Summary of ttH HXSWG meetings (Oct 2014-Jan 2015)

In the following we summarise some aspects that have been pointed out during the ttH HXSWG meetings and that could be pursued within the framework of the HXSWG. This document will serve as a basis for a future working group report. It will be continuously updated by the ttH conveners, including input and feedback from the whole ttH group.

Oct 20 Signal modeling in ttH ( Indico)

Impact of signal modeling on ttH searches: At present MC signal simulations are not a serious source of uncertainty in ttH searches. Nevertheless a good understanding of ttH MC systematics will become relevant in the context of Top Yukawa measurements at higher luminosity.

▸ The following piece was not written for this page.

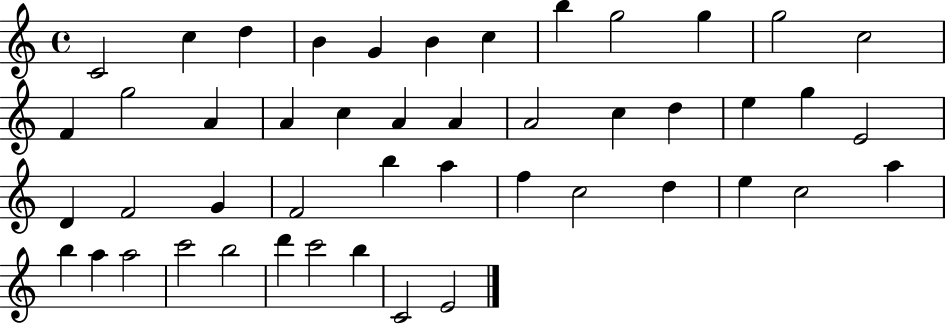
C4/h C5/q D5/q B4/q G4/q B4/q C5/q B5/q G5/h G5/q G5/h C5/h F4/q G5/h A4/q A4/q C5/q A4/q A4/q A4/h C5/q D5/q E5/q G5/q E4/h D4/q F4/h G4/q F4/h B5/q A5/q F5/q C5/h D5/q E5/q C5/h A5/q B5/q A5/q A5/h C6/h B5/h D6/q C6/h B5/q C4/h E4/h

In order to prioritize the needs for future theory developments, we urge the experimental collaborations to quantify the impact of signal modelling uncertainties on the ttH signal acceptance: does it exceed the 20% level (relevant for y_t precision)? If yes, in which ttH analysis? What are the most relevant observables?

Shape uncertainties: thee tail of the pT(ttH) and pT(tt) distributions as well as the eta(ttH), N(jets), and HT(jets) distributions show significant shape discrepancies (20% and beyond) between NLO+PS predictions based on different matching methods, scale choices, and parton showers. Such dependencies should be significantly alleviated using NLO merging methods (FxFx in aMC@NLO/Madgraph5 and MEPS@NLO in Sherpa+OpenLoops).

Scale choices: Two conventional scale choices (a “fixed” and a “dynamic” one) are used in ttH MC simulations within ATLAS. Dynamic scale choices are preferable at large pT, and in general it might be useful to recommend (a set of?) standard scale choices and appropriate prescriptions for shape uncertainty estimates based on different scale choices.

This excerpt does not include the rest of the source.